Requirement
Pull every line holding the string "front" from the records below.

Stored dataset items
▬▬▬▬▬▬▬▬▬▬

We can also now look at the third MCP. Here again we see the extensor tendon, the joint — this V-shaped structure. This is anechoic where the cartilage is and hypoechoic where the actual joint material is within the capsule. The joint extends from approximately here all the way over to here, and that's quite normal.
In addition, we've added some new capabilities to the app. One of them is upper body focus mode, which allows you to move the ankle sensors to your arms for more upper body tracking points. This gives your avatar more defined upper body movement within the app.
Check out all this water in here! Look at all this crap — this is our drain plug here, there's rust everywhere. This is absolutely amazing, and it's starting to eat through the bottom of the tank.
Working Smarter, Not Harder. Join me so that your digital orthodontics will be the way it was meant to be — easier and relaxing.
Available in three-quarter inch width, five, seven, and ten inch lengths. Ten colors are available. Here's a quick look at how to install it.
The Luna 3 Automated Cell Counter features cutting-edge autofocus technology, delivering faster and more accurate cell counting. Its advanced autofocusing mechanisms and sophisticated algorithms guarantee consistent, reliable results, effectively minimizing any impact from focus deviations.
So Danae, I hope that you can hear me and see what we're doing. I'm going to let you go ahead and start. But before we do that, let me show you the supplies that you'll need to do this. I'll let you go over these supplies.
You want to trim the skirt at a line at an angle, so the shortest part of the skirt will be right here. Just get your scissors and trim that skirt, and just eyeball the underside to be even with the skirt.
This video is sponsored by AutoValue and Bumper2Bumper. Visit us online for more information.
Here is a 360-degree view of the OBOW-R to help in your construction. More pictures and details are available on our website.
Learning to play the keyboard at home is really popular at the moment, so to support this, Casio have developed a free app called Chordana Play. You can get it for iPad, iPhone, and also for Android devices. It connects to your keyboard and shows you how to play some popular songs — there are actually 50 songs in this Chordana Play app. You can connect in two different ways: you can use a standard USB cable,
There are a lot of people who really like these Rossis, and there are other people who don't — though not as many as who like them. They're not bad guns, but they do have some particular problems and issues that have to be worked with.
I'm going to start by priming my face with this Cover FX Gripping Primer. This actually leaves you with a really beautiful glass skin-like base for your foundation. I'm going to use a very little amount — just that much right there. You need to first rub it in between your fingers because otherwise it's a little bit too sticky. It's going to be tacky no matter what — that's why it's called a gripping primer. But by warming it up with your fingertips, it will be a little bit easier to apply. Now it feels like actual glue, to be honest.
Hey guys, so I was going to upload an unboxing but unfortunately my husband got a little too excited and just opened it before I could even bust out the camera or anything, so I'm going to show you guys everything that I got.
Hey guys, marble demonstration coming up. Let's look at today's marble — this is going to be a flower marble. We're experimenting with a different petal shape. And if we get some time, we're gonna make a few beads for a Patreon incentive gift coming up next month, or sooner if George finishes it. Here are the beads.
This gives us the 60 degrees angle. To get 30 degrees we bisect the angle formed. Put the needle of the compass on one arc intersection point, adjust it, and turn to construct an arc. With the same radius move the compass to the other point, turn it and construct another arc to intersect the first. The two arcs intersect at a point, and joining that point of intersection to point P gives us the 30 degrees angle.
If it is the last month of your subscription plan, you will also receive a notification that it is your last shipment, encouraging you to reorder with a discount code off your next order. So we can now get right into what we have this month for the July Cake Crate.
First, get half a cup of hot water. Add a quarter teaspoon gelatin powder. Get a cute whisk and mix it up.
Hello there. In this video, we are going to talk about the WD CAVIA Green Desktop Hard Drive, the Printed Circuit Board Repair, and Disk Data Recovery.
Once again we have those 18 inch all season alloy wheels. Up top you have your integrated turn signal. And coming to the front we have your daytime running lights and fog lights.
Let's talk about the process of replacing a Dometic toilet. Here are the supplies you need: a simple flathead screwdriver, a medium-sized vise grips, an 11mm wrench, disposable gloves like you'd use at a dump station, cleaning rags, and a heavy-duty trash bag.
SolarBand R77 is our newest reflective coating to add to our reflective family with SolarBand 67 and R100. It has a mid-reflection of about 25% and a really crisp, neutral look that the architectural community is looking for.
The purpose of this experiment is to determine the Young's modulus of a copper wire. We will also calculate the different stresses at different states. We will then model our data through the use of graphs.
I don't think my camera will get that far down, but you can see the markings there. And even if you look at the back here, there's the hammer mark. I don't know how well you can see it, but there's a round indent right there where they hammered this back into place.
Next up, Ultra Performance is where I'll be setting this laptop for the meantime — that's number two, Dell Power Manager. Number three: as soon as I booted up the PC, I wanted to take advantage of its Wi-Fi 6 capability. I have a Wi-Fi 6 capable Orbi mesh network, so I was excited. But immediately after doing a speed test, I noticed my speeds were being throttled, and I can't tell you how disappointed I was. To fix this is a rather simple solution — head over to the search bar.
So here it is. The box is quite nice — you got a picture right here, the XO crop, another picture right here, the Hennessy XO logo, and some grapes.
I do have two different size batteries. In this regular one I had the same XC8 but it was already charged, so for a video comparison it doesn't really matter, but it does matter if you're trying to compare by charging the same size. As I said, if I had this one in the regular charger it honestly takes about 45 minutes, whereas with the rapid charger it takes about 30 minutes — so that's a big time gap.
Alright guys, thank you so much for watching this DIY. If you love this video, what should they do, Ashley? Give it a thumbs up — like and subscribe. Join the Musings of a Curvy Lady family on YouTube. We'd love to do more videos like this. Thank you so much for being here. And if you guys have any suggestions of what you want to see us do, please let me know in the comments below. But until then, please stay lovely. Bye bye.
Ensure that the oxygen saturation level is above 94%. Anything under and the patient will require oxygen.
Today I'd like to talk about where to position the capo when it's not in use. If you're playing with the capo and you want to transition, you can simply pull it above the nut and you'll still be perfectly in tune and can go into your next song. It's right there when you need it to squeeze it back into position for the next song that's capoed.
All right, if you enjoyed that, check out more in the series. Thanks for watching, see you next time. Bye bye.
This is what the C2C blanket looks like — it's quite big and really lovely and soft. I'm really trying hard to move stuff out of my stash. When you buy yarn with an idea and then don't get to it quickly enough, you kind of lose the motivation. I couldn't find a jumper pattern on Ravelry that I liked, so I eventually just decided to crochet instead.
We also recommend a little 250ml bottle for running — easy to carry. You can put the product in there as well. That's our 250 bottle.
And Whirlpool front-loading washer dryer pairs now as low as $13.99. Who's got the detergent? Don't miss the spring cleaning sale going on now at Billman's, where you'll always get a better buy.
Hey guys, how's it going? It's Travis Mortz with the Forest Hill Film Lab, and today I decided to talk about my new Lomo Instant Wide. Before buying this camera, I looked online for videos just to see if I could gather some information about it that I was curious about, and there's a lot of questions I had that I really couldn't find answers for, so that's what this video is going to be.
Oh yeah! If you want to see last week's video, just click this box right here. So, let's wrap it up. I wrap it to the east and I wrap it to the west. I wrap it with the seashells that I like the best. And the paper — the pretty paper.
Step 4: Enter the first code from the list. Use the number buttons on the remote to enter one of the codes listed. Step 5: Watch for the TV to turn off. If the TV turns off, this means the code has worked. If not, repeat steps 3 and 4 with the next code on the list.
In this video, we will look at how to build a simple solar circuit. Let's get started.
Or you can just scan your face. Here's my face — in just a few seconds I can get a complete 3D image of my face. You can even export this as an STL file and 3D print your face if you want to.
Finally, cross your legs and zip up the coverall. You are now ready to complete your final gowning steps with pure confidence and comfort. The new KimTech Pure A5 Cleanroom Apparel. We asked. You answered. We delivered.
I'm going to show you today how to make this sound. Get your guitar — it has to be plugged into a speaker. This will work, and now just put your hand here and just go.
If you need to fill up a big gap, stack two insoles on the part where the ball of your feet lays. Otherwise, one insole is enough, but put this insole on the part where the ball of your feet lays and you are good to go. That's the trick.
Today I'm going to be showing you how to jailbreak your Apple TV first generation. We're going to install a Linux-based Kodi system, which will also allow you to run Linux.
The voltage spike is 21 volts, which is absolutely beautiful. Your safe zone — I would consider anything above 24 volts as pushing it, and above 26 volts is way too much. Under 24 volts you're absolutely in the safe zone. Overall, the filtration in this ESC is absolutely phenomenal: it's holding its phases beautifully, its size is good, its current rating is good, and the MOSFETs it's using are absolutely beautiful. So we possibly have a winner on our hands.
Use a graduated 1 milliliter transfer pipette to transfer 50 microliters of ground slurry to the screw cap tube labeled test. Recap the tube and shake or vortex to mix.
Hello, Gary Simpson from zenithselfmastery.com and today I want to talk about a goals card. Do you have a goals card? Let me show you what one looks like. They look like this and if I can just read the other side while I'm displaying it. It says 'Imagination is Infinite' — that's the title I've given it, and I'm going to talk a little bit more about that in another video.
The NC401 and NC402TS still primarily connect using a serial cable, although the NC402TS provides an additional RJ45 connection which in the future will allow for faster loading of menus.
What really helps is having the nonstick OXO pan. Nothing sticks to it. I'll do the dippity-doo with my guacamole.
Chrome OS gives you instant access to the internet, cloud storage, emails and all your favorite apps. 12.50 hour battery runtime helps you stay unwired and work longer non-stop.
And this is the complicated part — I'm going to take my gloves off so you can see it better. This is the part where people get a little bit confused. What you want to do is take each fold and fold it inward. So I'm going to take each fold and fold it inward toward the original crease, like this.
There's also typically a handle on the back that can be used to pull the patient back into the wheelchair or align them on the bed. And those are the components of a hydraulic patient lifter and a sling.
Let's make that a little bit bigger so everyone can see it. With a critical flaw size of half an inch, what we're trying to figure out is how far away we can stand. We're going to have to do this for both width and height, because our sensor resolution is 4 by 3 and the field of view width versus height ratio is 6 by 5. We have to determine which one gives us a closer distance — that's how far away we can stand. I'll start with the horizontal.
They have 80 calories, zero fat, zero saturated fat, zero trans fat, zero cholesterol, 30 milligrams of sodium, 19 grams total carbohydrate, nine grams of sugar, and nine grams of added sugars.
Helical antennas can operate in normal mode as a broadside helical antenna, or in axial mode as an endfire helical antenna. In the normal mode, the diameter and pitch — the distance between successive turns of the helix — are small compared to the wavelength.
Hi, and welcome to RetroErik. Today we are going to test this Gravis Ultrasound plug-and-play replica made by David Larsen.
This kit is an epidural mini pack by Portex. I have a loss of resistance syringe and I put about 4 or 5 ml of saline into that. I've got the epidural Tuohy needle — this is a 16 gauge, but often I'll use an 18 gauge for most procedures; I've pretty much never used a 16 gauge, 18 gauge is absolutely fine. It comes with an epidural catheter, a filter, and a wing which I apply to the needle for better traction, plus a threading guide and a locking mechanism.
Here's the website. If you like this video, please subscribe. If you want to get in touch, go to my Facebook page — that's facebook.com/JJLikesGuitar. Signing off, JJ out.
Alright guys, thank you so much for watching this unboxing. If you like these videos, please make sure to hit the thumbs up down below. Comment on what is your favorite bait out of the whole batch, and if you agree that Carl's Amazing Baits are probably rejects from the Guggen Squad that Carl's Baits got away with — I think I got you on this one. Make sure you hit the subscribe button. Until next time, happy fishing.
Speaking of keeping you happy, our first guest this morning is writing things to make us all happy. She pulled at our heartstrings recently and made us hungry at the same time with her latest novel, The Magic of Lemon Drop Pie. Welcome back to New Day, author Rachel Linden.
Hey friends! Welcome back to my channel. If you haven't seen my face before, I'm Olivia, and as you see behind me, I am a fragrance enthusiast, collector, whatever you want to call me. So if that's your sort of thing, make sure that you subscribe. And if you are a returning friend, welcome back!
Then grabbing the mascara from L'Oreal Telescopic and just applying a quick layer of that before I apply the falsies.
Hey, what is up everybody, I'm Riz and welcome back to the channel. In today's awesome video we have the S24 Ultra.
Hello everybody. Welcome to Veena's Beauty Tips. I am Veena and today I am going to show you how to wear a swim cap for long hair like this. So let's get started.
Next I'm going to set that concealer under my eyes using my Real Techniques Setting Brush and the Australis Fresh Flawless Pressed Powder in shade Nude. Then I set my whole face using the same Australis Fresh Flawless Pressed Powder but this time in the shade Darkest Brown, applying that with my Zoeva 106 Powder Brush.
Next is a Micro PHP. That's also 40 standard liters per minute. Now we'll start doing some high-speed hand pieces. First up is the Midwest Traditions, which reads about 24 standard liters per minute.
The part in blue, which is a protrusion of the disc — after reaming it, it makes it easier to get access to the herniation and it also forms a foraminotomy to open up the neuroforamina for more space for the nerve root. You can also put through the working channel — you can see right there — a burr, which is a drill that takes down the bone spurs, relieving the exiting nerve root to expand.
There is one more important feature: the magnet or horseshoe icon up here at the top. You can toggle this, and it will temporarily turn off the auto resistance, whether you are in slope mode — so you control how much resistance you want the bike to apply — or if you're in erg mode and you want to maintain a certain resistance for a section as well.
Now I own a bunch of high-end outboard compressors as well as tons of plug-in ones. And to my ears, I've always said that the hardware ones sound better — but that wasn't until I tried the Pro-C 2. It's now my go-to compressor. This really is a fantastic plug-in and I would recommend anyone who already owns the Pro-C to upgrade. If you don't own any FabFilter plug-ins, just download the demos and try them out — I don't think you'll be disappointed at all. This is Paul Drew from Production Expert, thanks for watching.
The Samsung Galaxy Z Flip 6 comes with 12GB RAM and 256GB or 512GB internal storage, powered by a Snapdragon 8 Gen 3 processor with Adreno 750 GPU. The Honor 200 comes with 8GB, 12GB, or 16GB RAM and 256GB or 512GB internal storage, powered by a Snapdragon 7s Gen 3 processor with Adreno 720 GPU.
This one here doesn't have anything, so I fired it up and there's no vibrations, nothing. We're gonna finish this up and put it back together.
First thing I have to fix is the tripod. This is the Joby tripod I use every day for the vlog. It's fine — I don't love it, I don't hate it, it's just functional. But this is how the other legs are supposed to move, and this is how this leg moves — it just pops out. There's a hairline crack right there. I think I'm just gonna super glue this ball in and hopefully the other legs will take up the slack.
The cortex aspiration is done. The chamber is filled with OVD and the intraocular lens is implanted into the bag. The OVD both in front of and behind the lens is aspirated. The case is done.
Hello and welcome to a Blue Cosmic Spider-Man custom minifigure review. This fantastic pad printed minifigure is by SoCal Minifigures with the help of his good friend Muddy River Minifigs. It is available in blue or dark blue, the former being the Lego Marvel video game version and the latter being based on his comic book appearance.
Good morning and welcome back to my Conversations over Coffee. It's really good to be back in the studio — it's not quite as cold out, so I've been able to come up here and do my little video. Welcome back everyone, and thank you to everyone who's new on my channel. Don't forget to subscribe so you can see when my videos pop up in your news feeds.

▬▬▬▬▬▬▬▬▬▬

Problem solution
Once again we have those 18 inch all season alloy wheels. Up top you have your integrated turn signal. And coming to the front we have your daytime running lights and fog lights.
And Whirlpool front-loading washer dryer pairs now as low as $13.99. Who's got the detergent? Don't miss the spring cleaning sale going on now at Billman's, where you'll always get a better buy.
The cortex aspiration is done. The chamber is filled with OVD and the intraocular lens is implanted into the bag. The OVD both in front of and behind the lens is aspirated. The case is done.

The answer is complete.